Não, no momento ainda não tudo! E a razão está na diferença existente entre os
interesses das diferentes classes da sociedade. Para uma destas classes é útil, e
mesmo indispensável, refazer de certa forma a estrutura das relações sociais. Para
outra é proveitoso, e mesmo indispensável, opor-se a tal refazer. A uns ele
promete felicidade e liberdade; a outros o presságio da abolição de sua situação
privilegiada e mesmo sua supressão enquanto classe privilegiada. E qual é a
classe que não luta por sua existência, que não tem instinto de conservação. O
regime social proveitoso a uma dada classe lhe parece não apenas justo, mas
também o único possível. Essa classe considera que tentar mudar de regime é
destruir os fundamentos de toda comunidade humana. Ela se considera chamada a
defender estes fundamentos, mesmo que seja pela força das armas. Donde as
"torrentes de sangue", donde a luta e as violências.
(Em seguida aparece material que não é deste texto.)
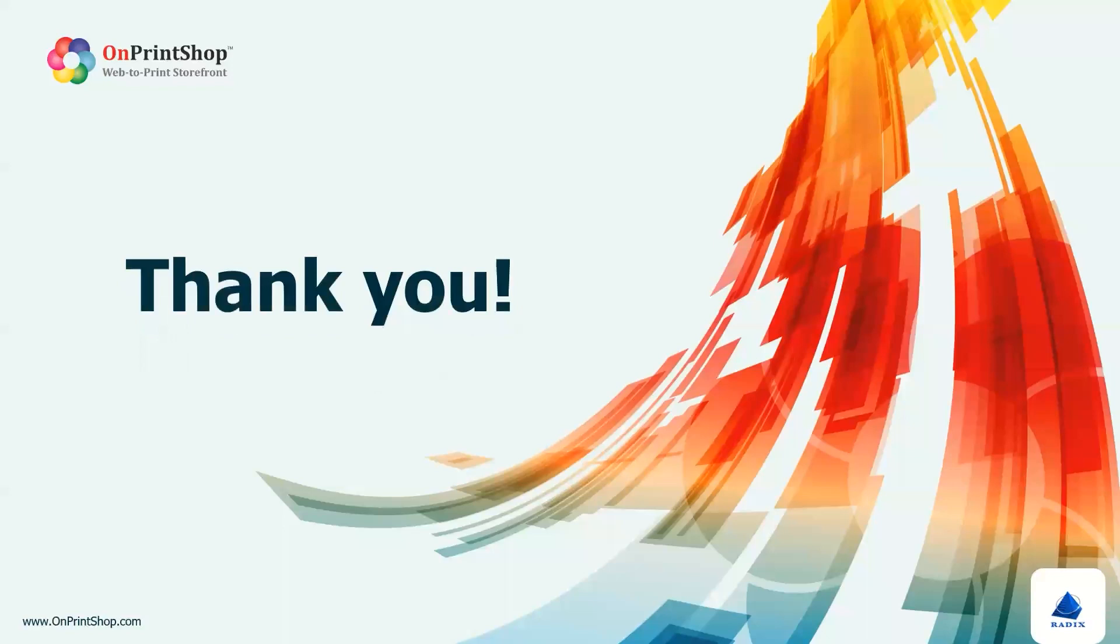For more information and to explore other exciting features of OnPrint Shop, please visit our website or reach out to our dedicated support team. Thank you.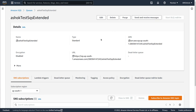Hi guys, welcome back to my channel. In the previous video we saw how to overcome the SQS payload size limit of 256 KB using a Java code with the SQS extended library. The basic idea is that normally the SQS payload is put directly in SQS, and the receiver gets the whole payload because it is less than 256 KB.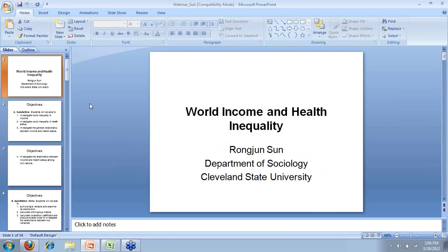This module is called World Income and Health Inequality. It is for one of my upper elective classes — the class on globalization, offered to many of our majors. The purpose of this module is to show students inequality in income and health, to do an international comparative study, looking at these two dimensions of inequality separately first, and then show how income and health can be related.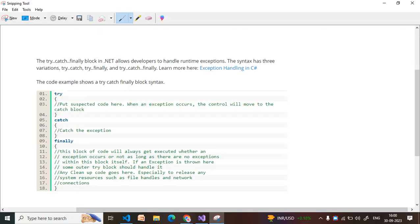Today in this video I will explain try-catch-finally in C#. The try-catch-finally block in .NET allows developers to handle runtime exceptions. In simple words, try-catch is basically used to handle runtime exceptions in a C# application.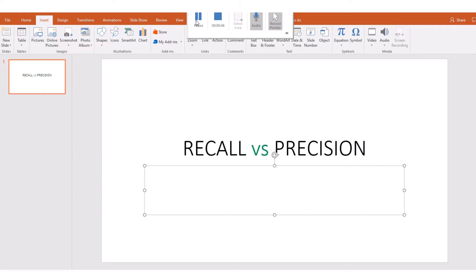The best way for this to stick to our understanding is when you look at a real life, day-to-day scenario. When you go to school, a meeting, or a function — say you attended a wedding — and you return from that function and someone is asking you how was the wedding, how was it.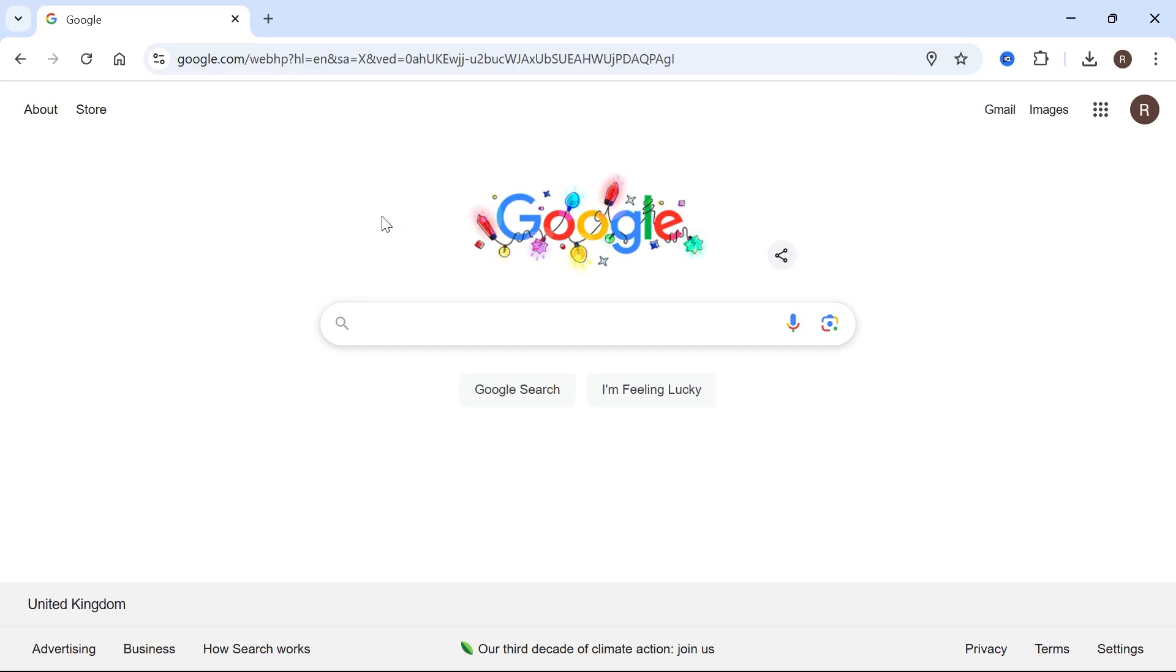In this video, I'll show you how you can see your Google search history from your computer. So there's a couple of methods we can use to find our search history.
Por outro lado, os socialistas, meditando sobre a transformação social a vir,
podem consolar-se com a idéia de que quanto mais as doutrinas "subversivas" se
difundem, mais a classe operária será desenvolvida, organizada e disciplinada,
menos a inevitável "catástrofe" necessitará de vítimas.
Ao mesmo tempo, o triunfo do proletariado, colocando fim à exploração do
homem pelo homem e portanto à divisão da sociedade em classe de exploradores
e classe de explorados, tornará as guerras civis não apenas inúteis mas também
diretamente impossíveis. A humanidade progredirá então unicamente pelo "poder
da verdade" e não terá mais necessidade do argumento das armas.